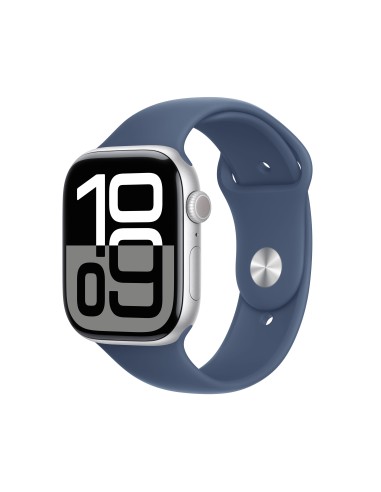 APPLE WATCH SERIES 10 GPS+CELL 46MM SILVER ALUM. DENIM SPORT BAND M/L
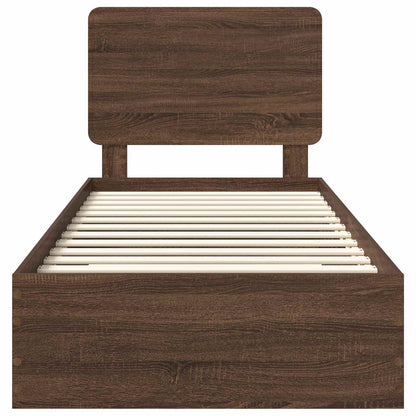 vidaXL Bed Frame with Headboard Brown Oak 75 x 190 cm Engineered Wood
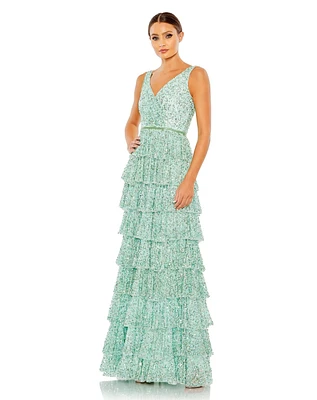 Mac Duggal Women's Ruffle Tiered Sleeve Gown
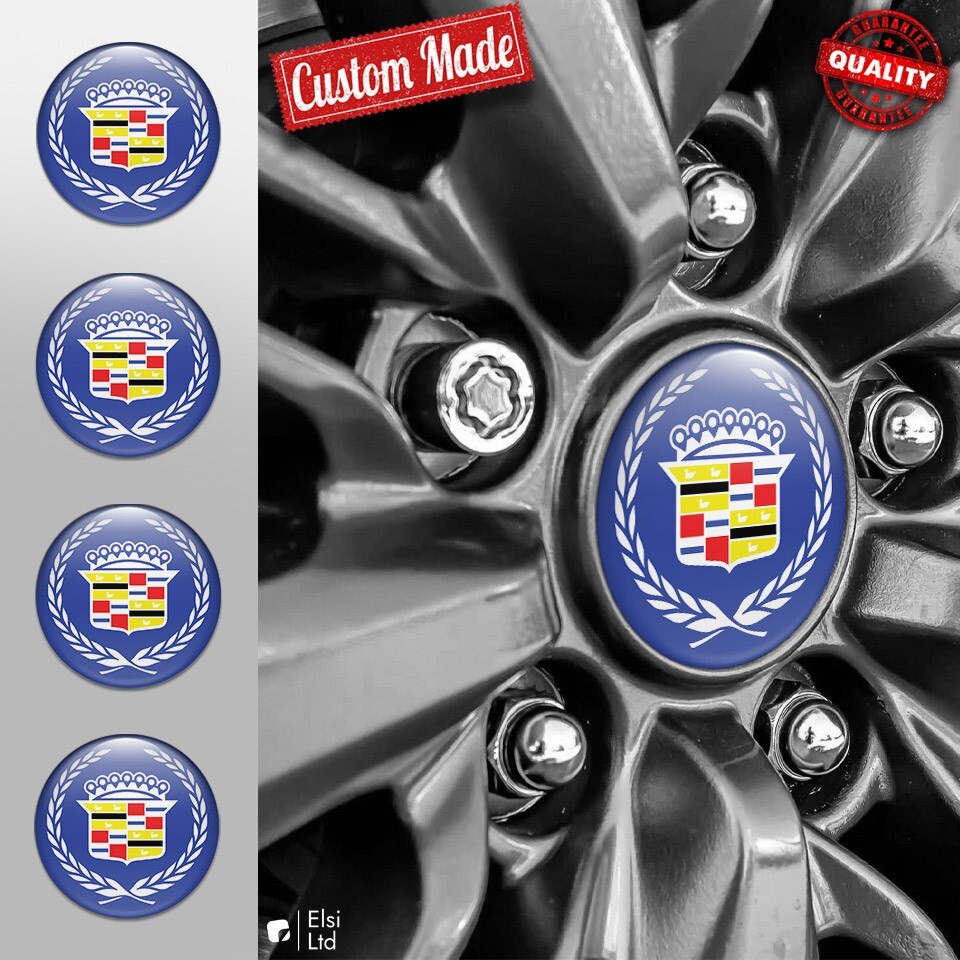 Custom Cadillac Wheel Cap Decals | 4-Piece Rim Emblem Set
━━━━━━━━━━━━━━━━━━━━
• [Work task]:
All of the material above should be copied exactly, minus the pictures.

• [The answer]:
 APPLE WATCH SERIES 10 GPS+CELL 46MM SILVER ALUM. DENIM SPORT BAND M/L
 vidaXL Bed Frame with Headboard Brown Oak 75 x 190 cm Engineered Wood
 Mac Duggal Women's Ruffle Tiered Sleeve Gown
 Custom Cadillac Wheel Cap Decals | 4-Piece Rim Emblem Set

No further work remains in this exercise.